Yesterday I bought that crash book by Prechter. I think that it's an extraordinary piece of pure lunacy. Have you read it?

If we were on a gold standard he would be perfectly correct in some respects.

Someone said it was the #1 seller on Amazon but when I checked it was #30. That's still a lot of sales.

So what I am trying to figure out is who is buying the book and what this tells us about how people are thinking. The people who are buying (and believing) Prechter think that what's coming is essentially a replay of 1929-1932, with a crash taking the Dow back to where it was at the start of the 1982 bull market, just as the Dow went back to below the 1921 level by 1932.

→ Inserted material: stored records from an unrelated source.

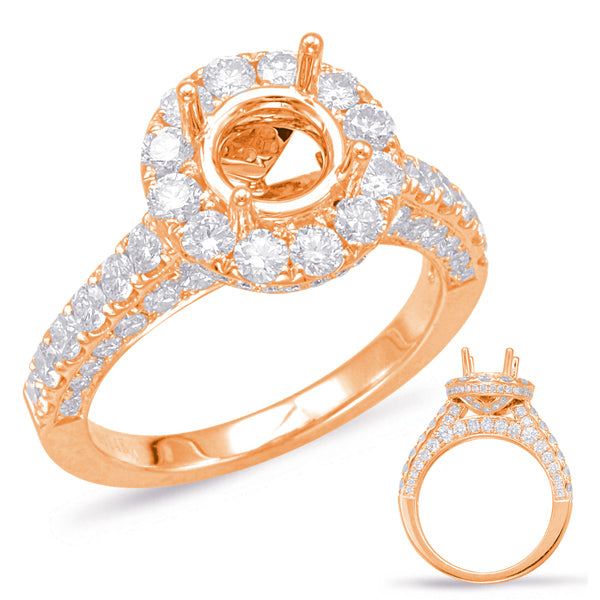 Rose Gold Halo Engagement Ring - EN7877-1RG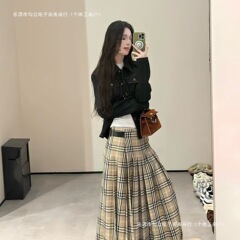 早秋韩系氛围感穿搭套装女秋季2025新款牛仔外套格子半身裙一整套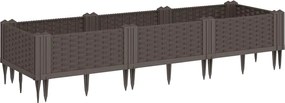vidaXL Jardinieră de grădină cu țăruși, maro, 125x40x28,5 cm, PP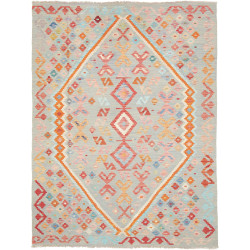 Tappeto Kilim Afghanistan Astratto Grigio Multicolore Vivace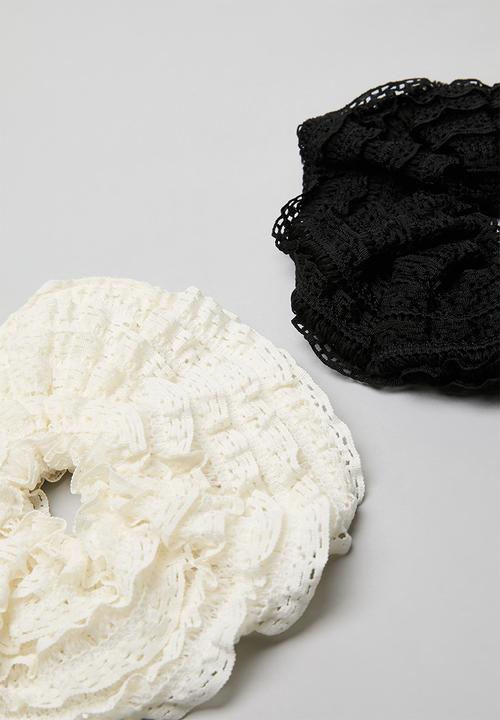 Pop Candy - Lace frill scrunchie - black/white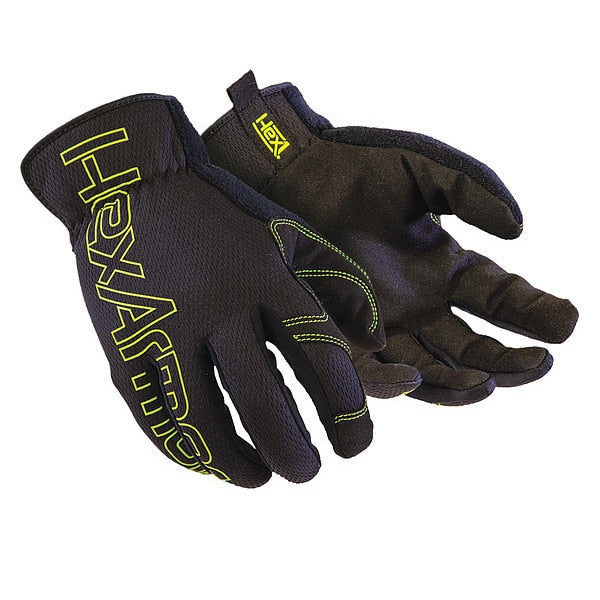 Mechanics Gloves, Black/Lime, Synthetic Leather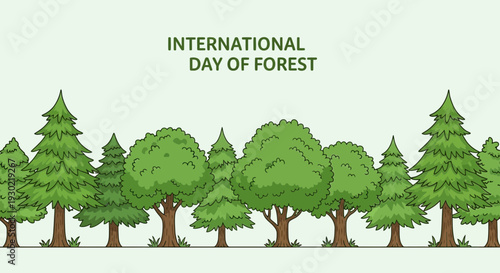 International Day of Forest Celebration with Green Trees Landscape Illustration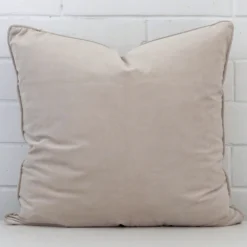 Lovely natural cushion made from velvet fabric and in an elegant large size.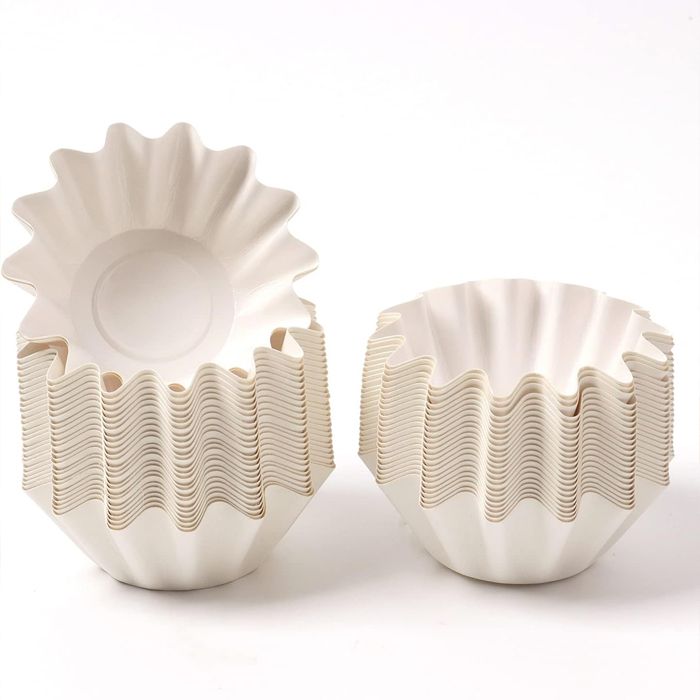 Fluted Lined Cupcake Liners White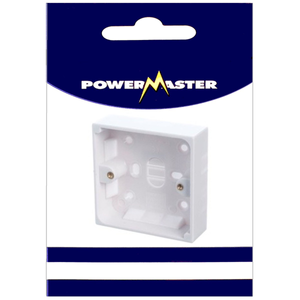 Powermaster 1 Gang 25mm Surface Pattress Box - White 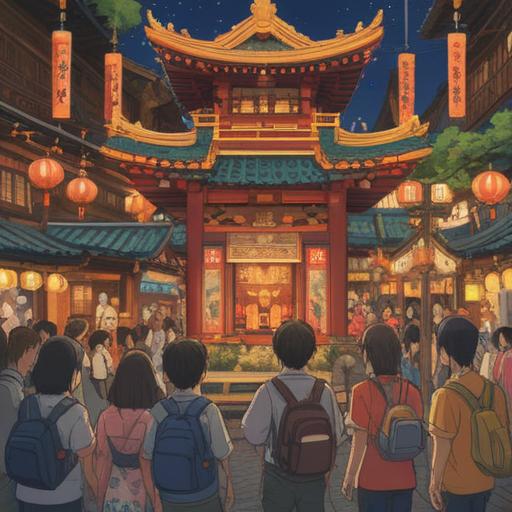 A vibrant festival scene featuring a traditional portable shrine (mikoshi), adorned with colorful decorations, surrounded by enthusiastic participants dressed in traditional attire, carrying the mikoshi with reverence, spiritual energy radiating from the shrine, bright sunlight illuminating the scene, joyous expressions, harmonious atmosphere, 4k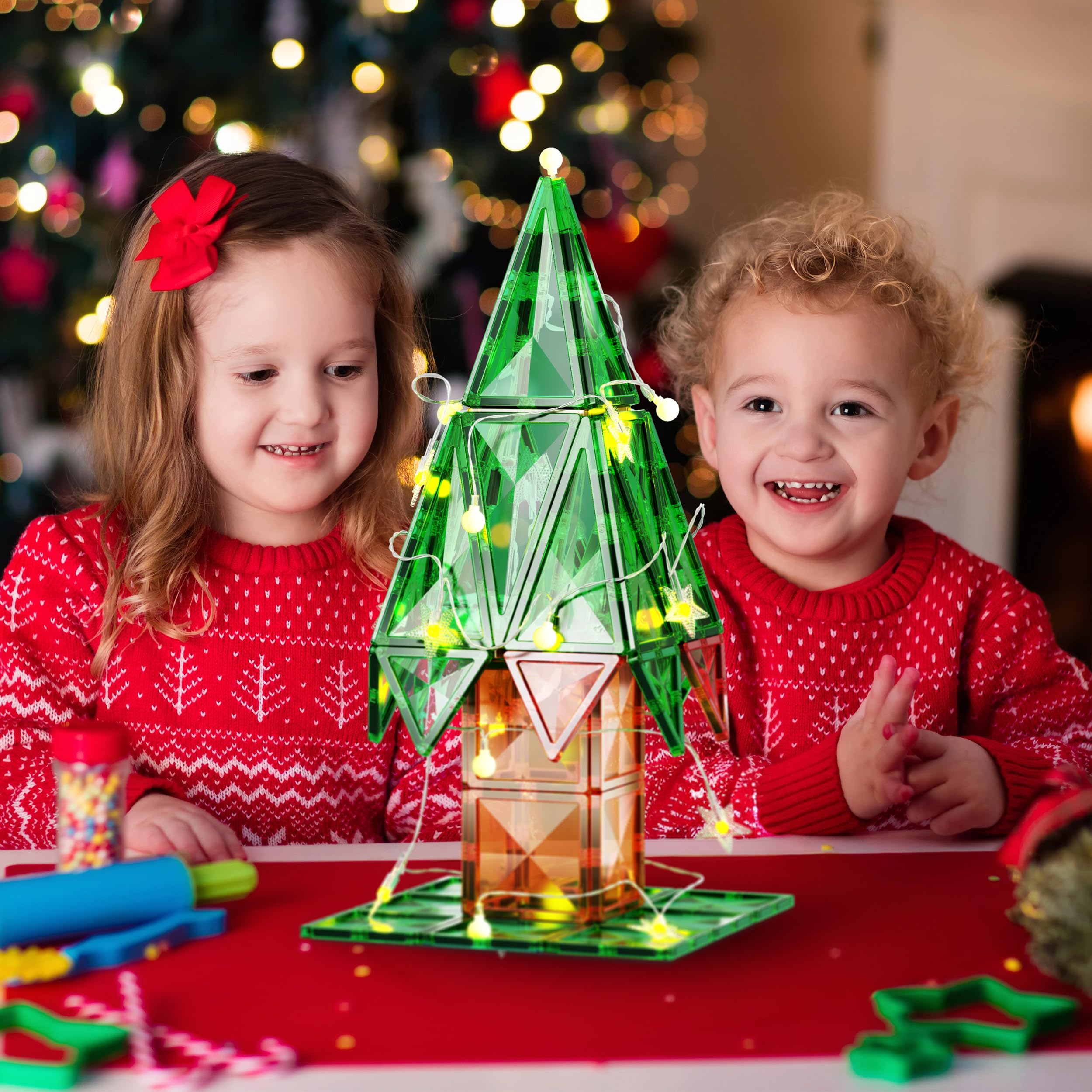 PicassoTiles Christmas LED lights illuminate creative builds and festive scenes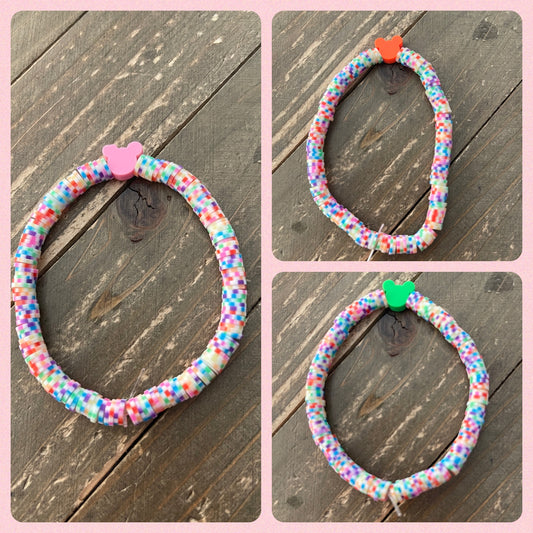 Multi Colored Clay with mouse ears Beaded Stretch Bracelets (3 ears colors to choose from)Pink tiful of LOVE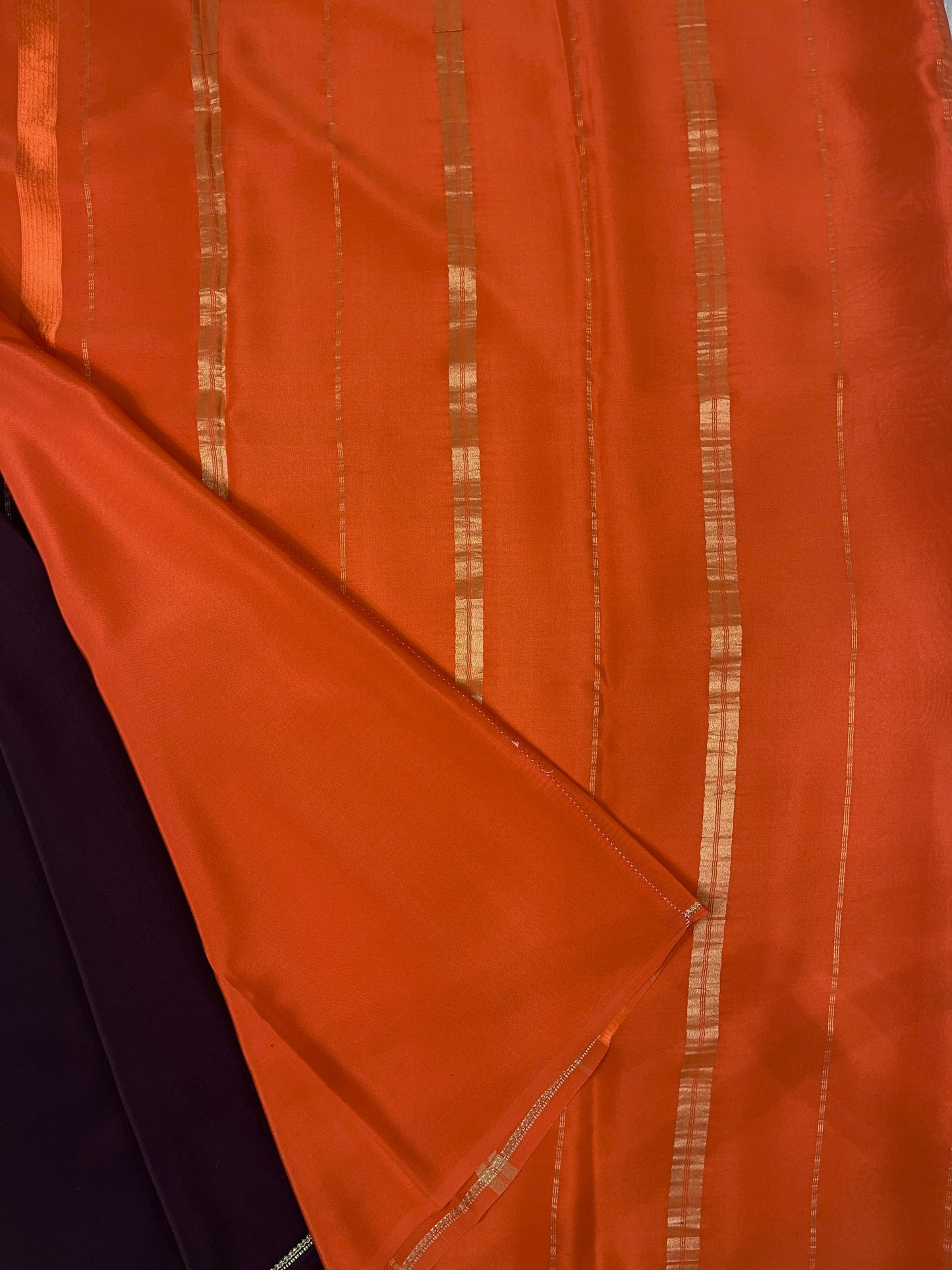 Pure Zari Mysore Silk Saree Floral Gatti Border In Brown With Orange Contrast Color Blouse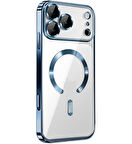 Apple iPhone 17 Pro Max için Magsafe ile uyumlu Kılıf Kamera Lensli Korumalı Şeffaf Silikon Kapak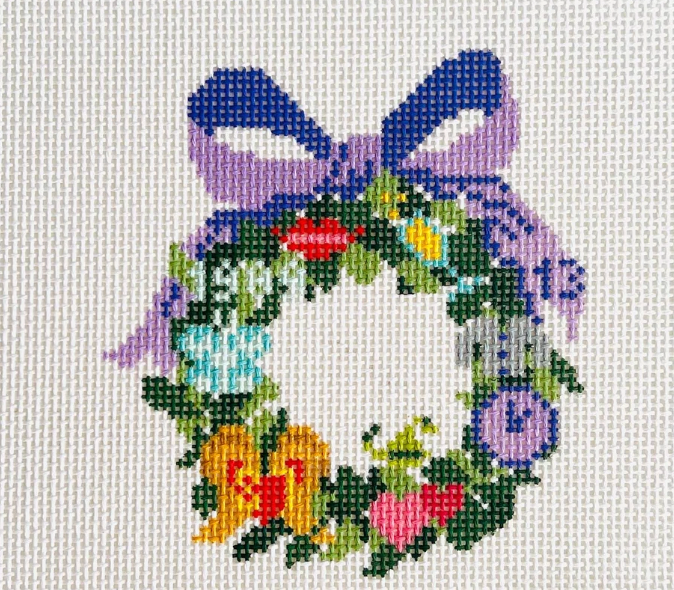 Wreath with Purple Bow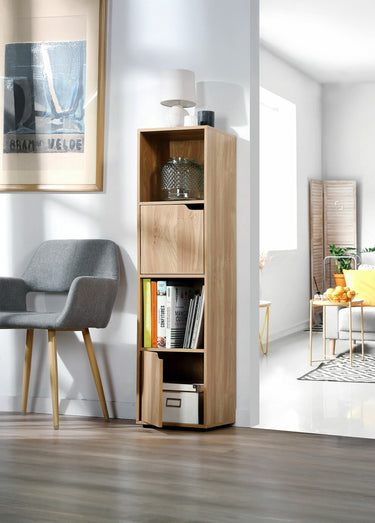 MODU Meuble colonne 4 cases + 2 portes Marron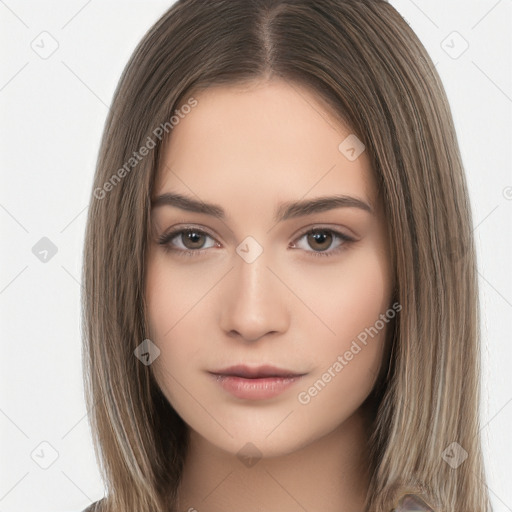 Neutral white young-adult female with long  brown hair and brown eyes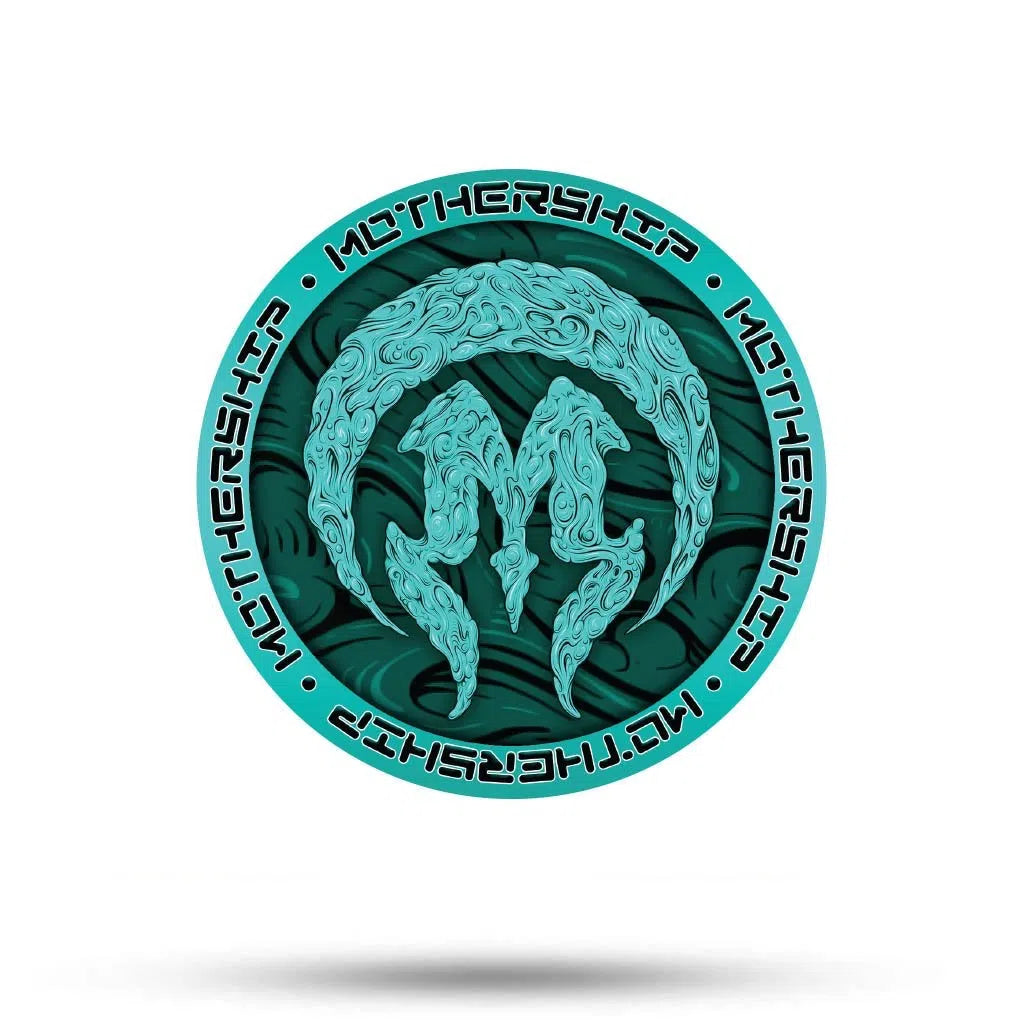 Mothership Glass Round Stickers-Mothership Glass-Teal Alien-NYC Glass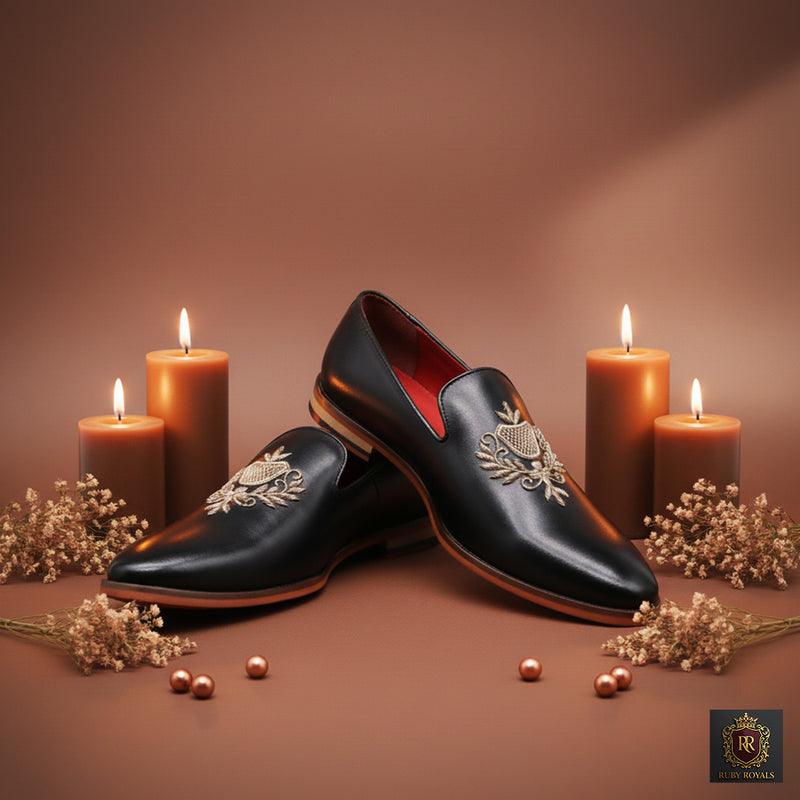 Majestic Ornate - Imperial Crest Ebony loafer I Ruby Royals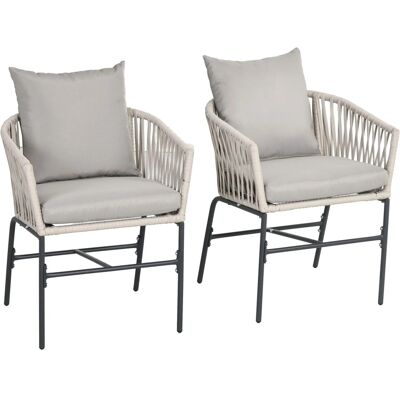 Outsunny Gartenstuhl 2er-Set Polyester Beige 57L x 60B x 71H cm Outsunny Gartenstuhl 2er-Set Polyester Beige 57L x 60B x 71H cm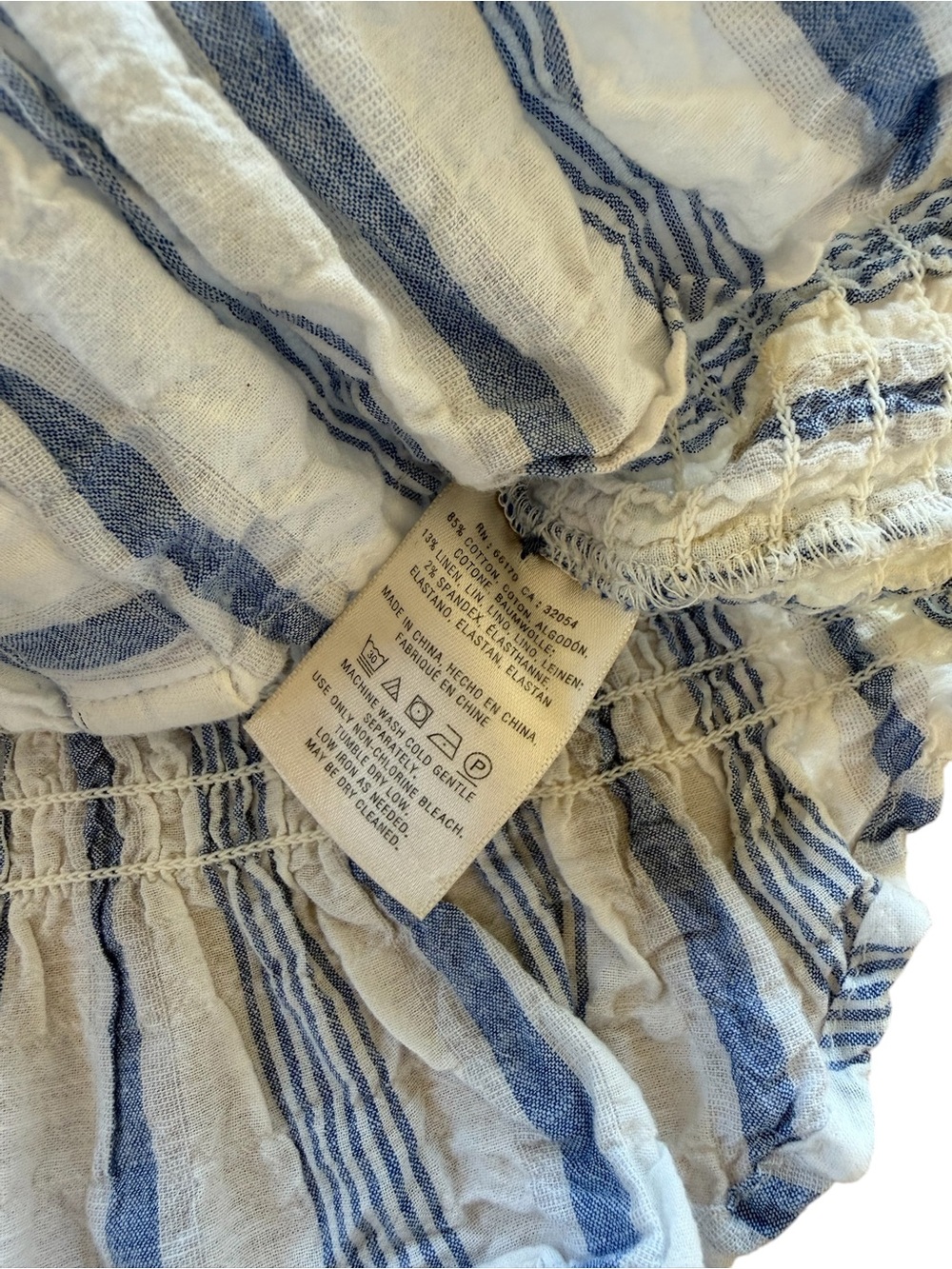 Maeve Bellamy Button Down Smocked Stripe Blue & White - Picture 7 of 10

I think that what lies ahead is going to involve a good bit of inflation; actually there already has been huge inflation in health costs, education costs, housing prices in many areas, and the prices some people are willing to pay for some automobiles (as compared to a good many years ago). And other isolated things: for example, it now seems normal to pay $20 or more for a necktie.

But official measures of inflation look at things like hamburgers, gasoline, milk, rent, non-luxury clothing--I really don't know exactly what goes into the government's CPI that stays so low.

I am looking for the dollar to decline in value, making imported goods more expensive; for crude oil and natural gas to rise steadily; and for farmers in the U. S. to be either forced into bankruptcy or forced to raise prices.

Not only are there lots of US dollars circulating all over the globe, but now the US gov is going deeper into deficit every day and also out trade gap is worse than ever.

In one place Prechter even makes the ultimately lunatic statement that the deflation he foresees may be accompanied by a decline in the value of the dollar.

Where both inflationary and deflationary scenarios do seem to coincide, however, is in the belief that precious metals are a safe hedge, and in the belief in the damage that will be done to the stock market.

So I think Prechter is right in some ways about the markets but quite deluded as to the reasons. He is so full of that Elliott Wave mysticism, and so committed to a 1929-32 replay, that the appearance of this book might best be read as having presaged the bear market rally that we are in. That is, I would think that most mutual fund managers who read it would agree with me that Prechter is out of his mind, but unlike me, would conclude that the markets were therefore fundamentally in good shape and that stocks were a buy.

Just some Sunday afternoon ruminations. I guess I did get my $22.50 (discounted price) out of the book.

Anybody see anything good in Barron's? I'll check now and see.